I don’t remember how we met, through a business function? Aside from the fact that we were both short and female, we had nothing in common. And yet we became good friends. Phyllis was older, divorced, with large breasts and grown kids. Oh, she was Jewish, almost forgot. I was an Italian, Catholic young woman, married to a not so nice husband. My kids were little, my knowledge of English limited and my chest flat.
Phyllis dragged me to a Bar Mitzvah, after my divorce introduced me to my first date, and even convinced me to try my first piece of cheese cake. Here I am twenty some years later and every time I take a bite of cheese cake I think of Phyllis.
At some point she decided it was time for her to move back home to Chicago. And assured me it would be a good idea for me to visit her often and get to know the city. It became an inside joke because my ex-spouse was actually from Chicago, but I needed a friend to finally get me there.
She bought herself a studio apartment in a rather old high rise by the Water Tower. Being from Phoenix where everything was built yesterday, those tall buildings around Michigan Avenue reminded me of Rome’s ancient ruins. I didn’t care that the doorman wore a fancy red jacket with tassels and golden buttons and carried a whistle to get us a taxi, but I was impressed when I found out that Michael Jordan’s girlfriend lived in the building, and it wasn’t unusual to bump into him in the elevator. Although I never did.
When she told me the price of her place I nearly fainted, mamma mia, it sure didn’t look worth the money to me. Of course I didn’t know a thing about real estate especially in Chicago and I didn’t understand the importance of a lake view. We were discussing all that late in the evening, in our pajamas, drinking champagne. So Phyllis went on and on explaining about the virtues of this building and at some point she decided to give me a tour of the rooftop amenities.

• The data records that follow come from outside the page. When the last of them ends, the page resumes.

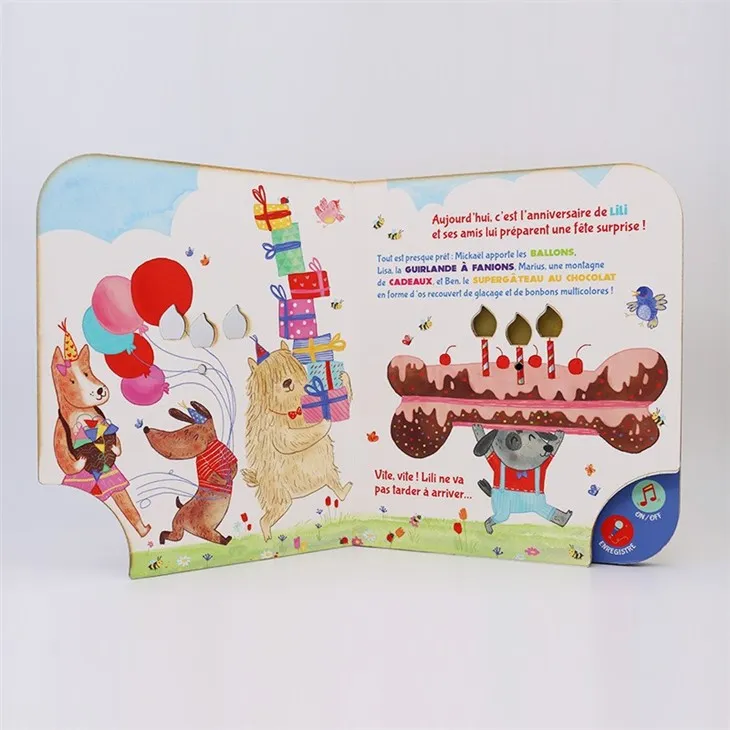 Sound Book Use For Kids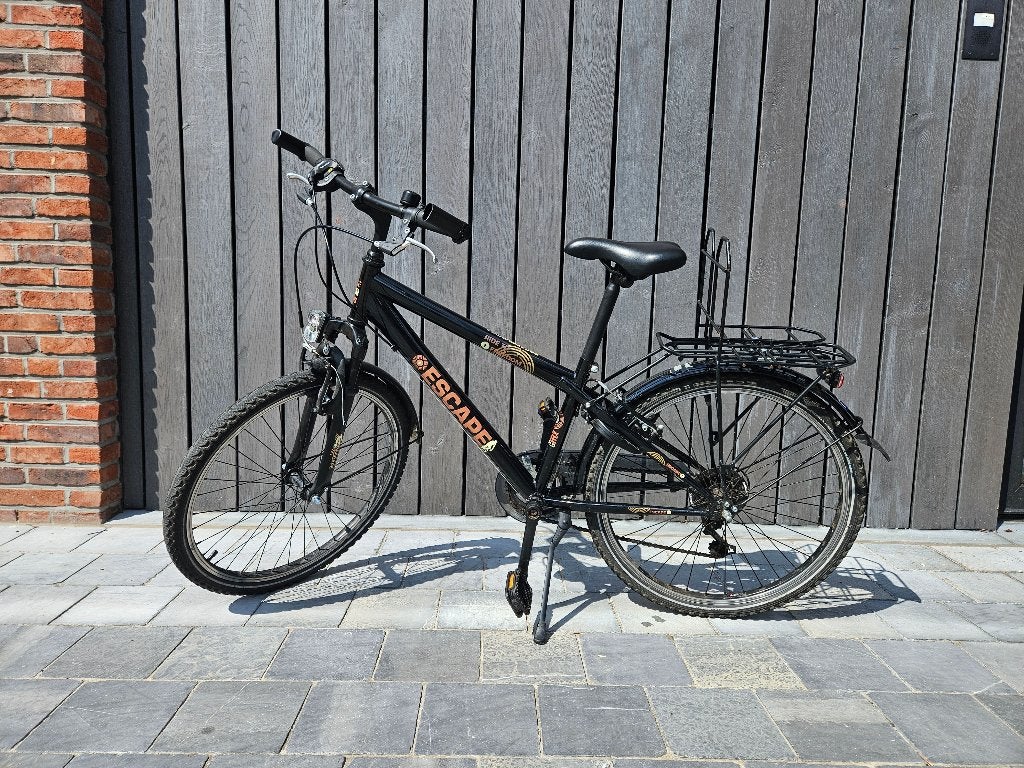 Jongensfiets Bike Fun Escape – 24 inch – 6 versnellingen, 24 pouces, Frein à main, Enlèvement, Frein à disque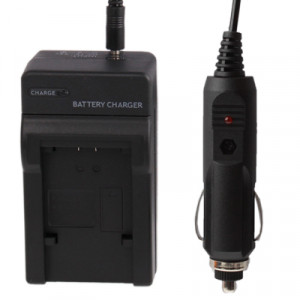 Appareil photo numérique chargeur de voiture pour JVC VG121UT (noir) SH14101536-20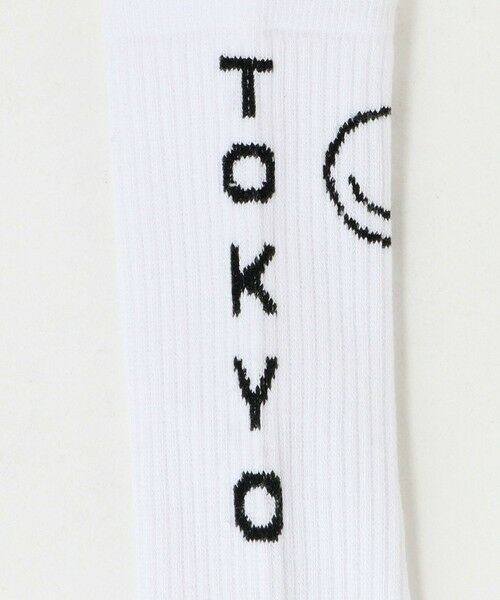 BEAUTY&YOUTH UNITED ARROWS / ビューティー&ユース ユナイテッドアローズ ソックス | 【別注】＜TOKI＞ロゴ ソックス | 詳細3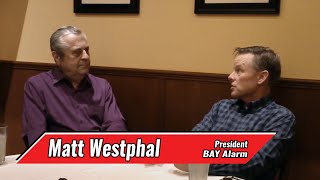 MATT WESTPHAL  Bay Alarm interview [upl. by Rotsen]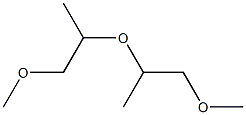 Propane, 2,2'-oxybis[1-methoxy- Structure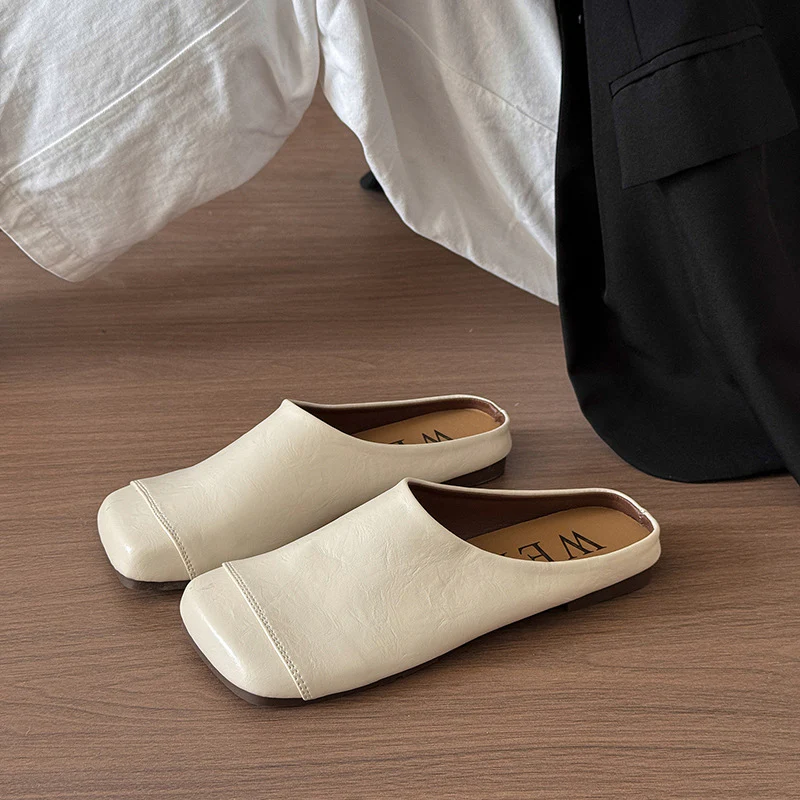 Damen Mollettenschuhe mit modernem Design Heidi Mode - Image 6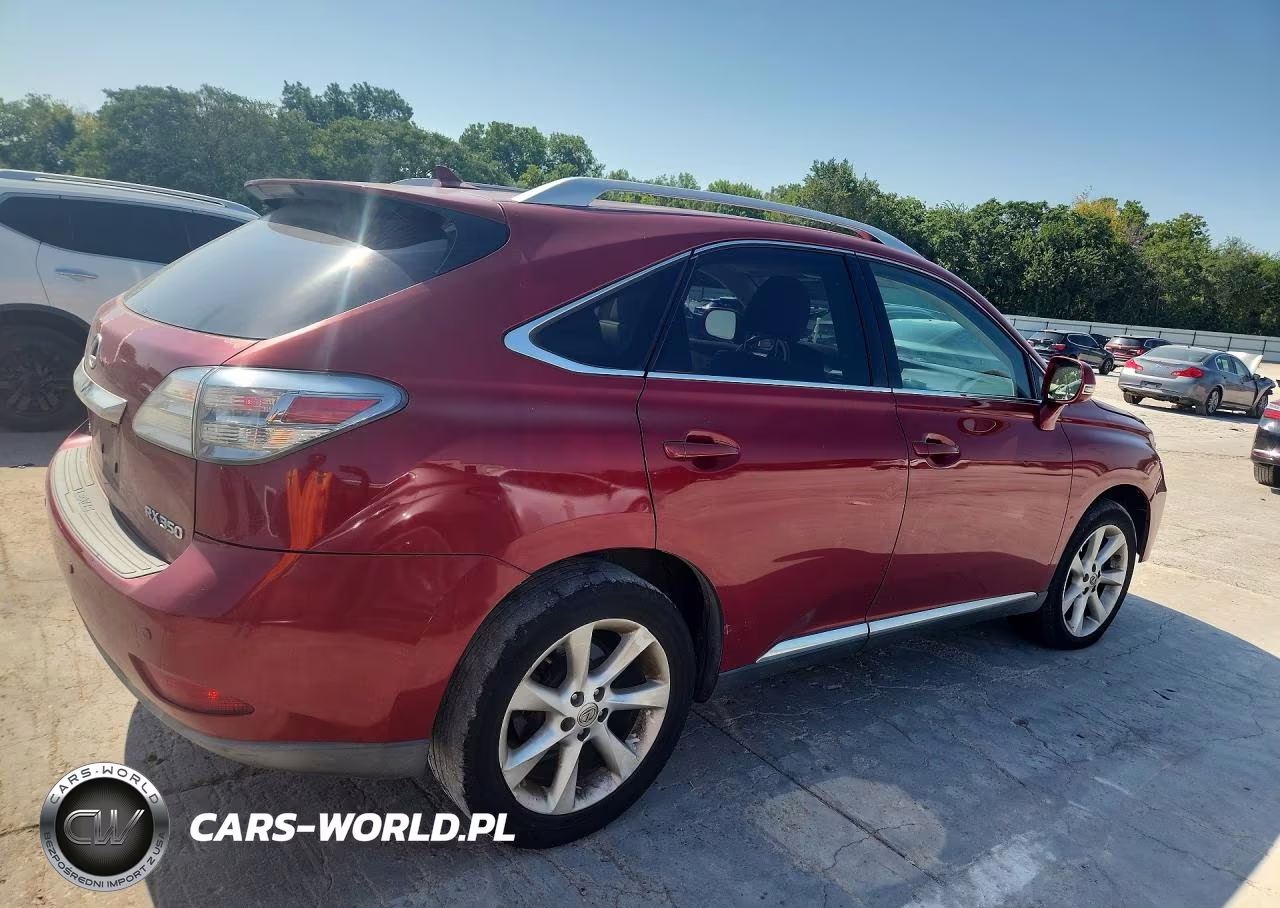 2010 Lexus Rx 350 VIN:2T2ZK1BA4AC019148 - 3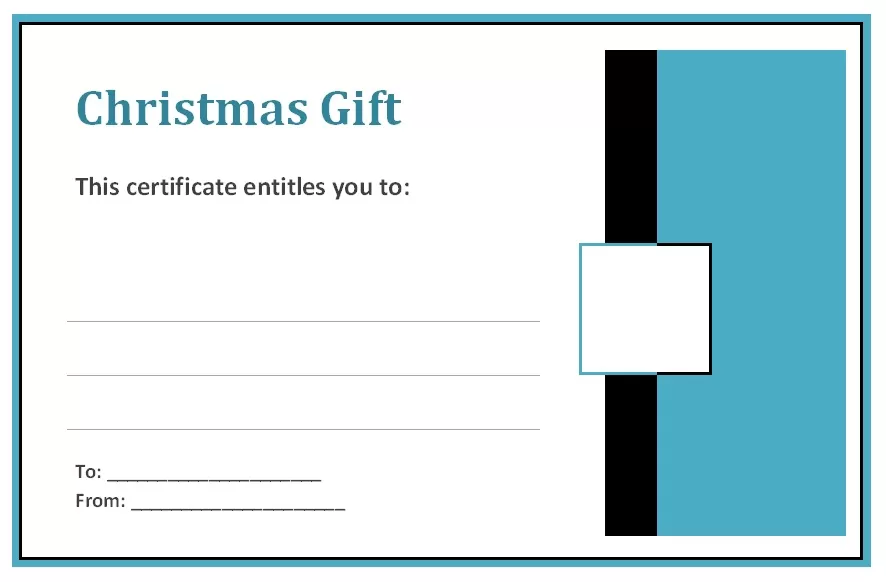 Christmas Gift Template, Effectiveness and Benefits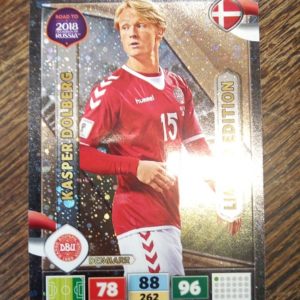 2018 Limited edition Kasper Dolberg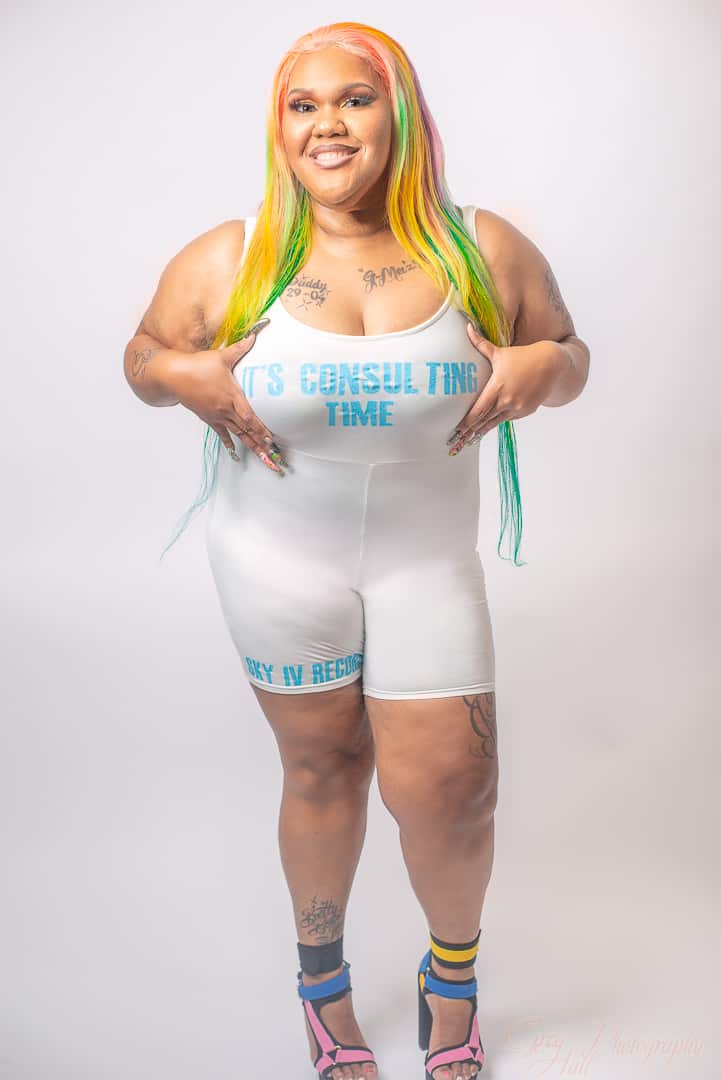 Meet Lillie “#BrownMermaid” Mae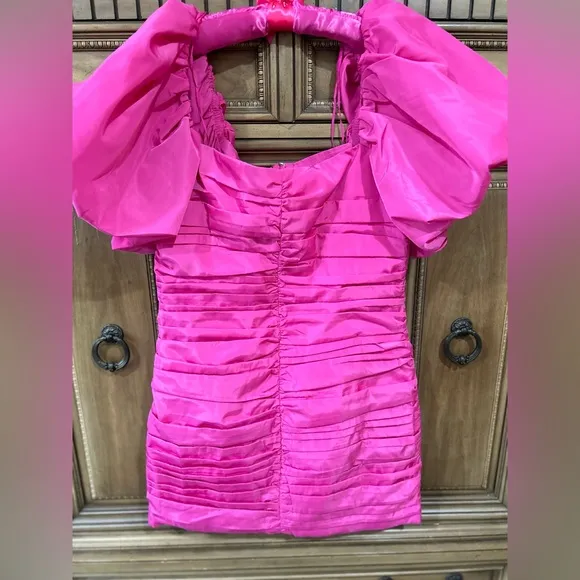 Rhode Suzette Dress in Malibu Pink NWT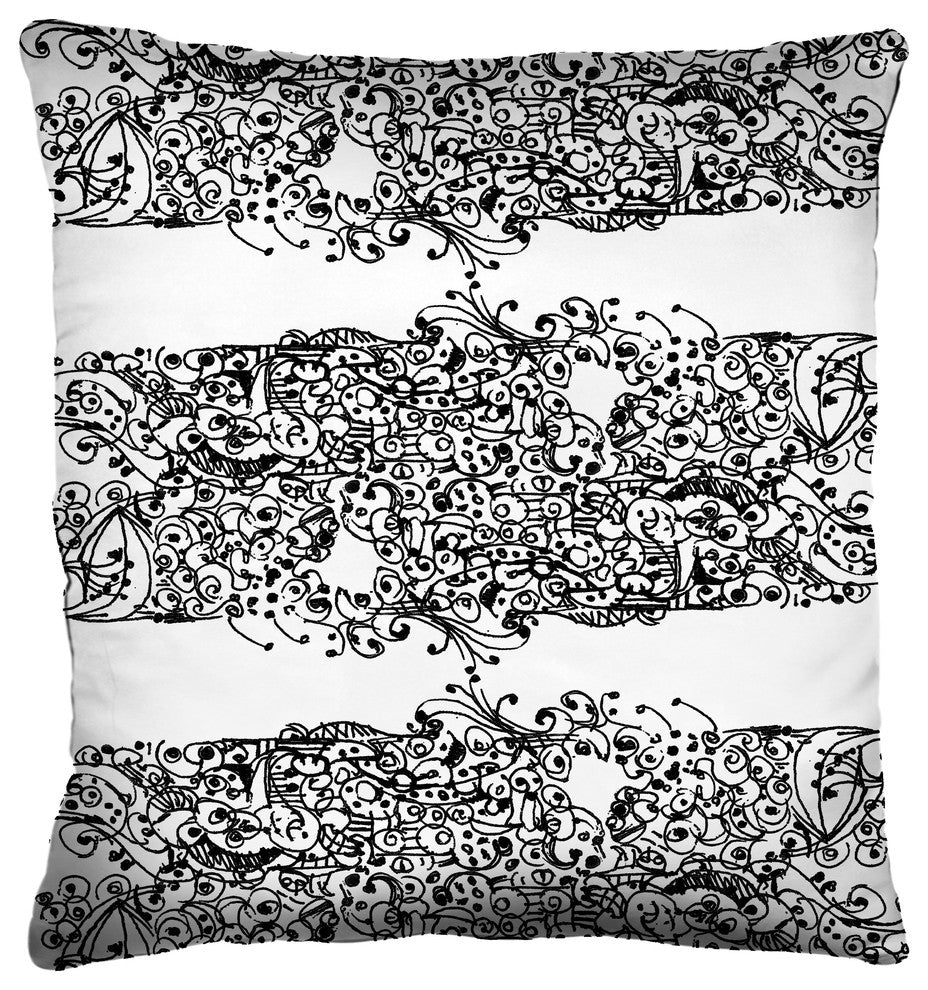 St. Germain Designer Pillow, The Fine Art Collection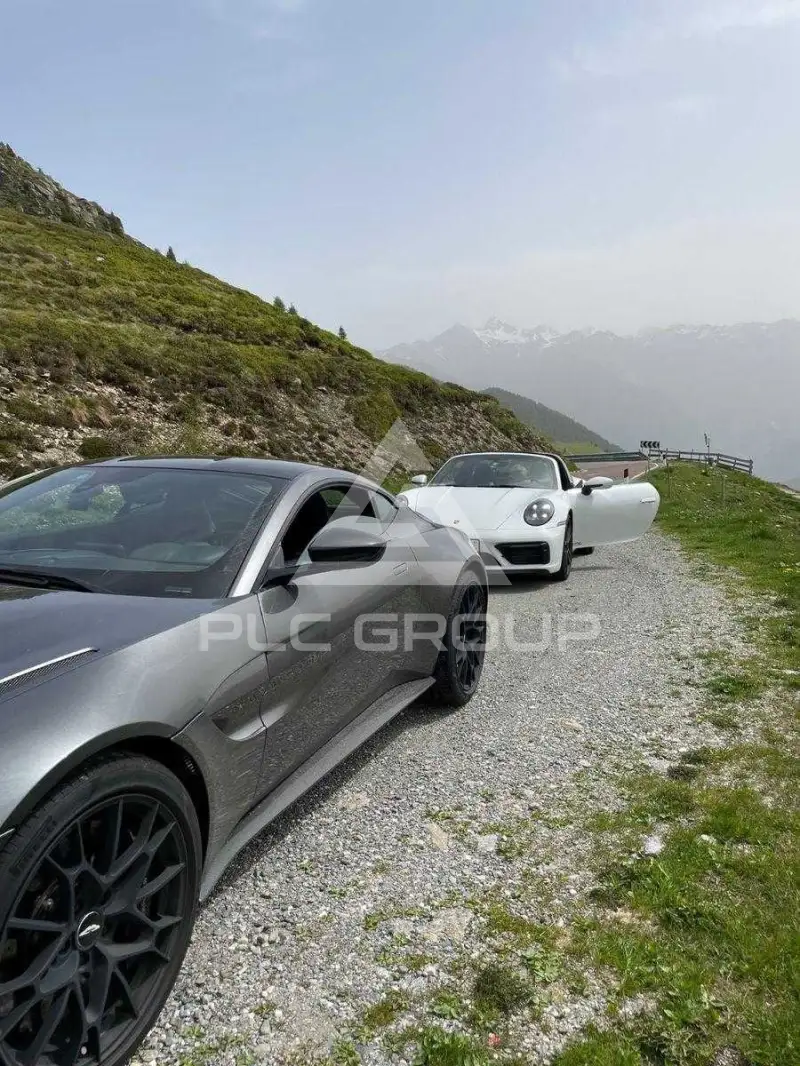 2020 Aston Martin V8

“Let’s get into the service elevator,” she said. “It’s not used at night and I’ll show you the swimming pool and ramada and all that, plus we get a terrific view of Chicago at night.” I need to add this was in the month of January, not exactly pool season. We threw our heavy wool coats over our night attire and in slippers, our faces covered with some pinkish night crème Phyllis swore worked miracles, we headed down the long, narrow corridor to the service elevator. She pushed the button and we waited, chatting and giggling about what if we bump into someone? They’ll have a heart attack, we looked like aliens…
The door of the service elevator finally opened to showcase about a dozen of people in ‘real’ evening attire looking at us without flinching, and politely asking, “Are you headed to the Smith’s reception? The regular elevator is out of service.”
Ah, Phyllis, my unforgettable friend. RIP.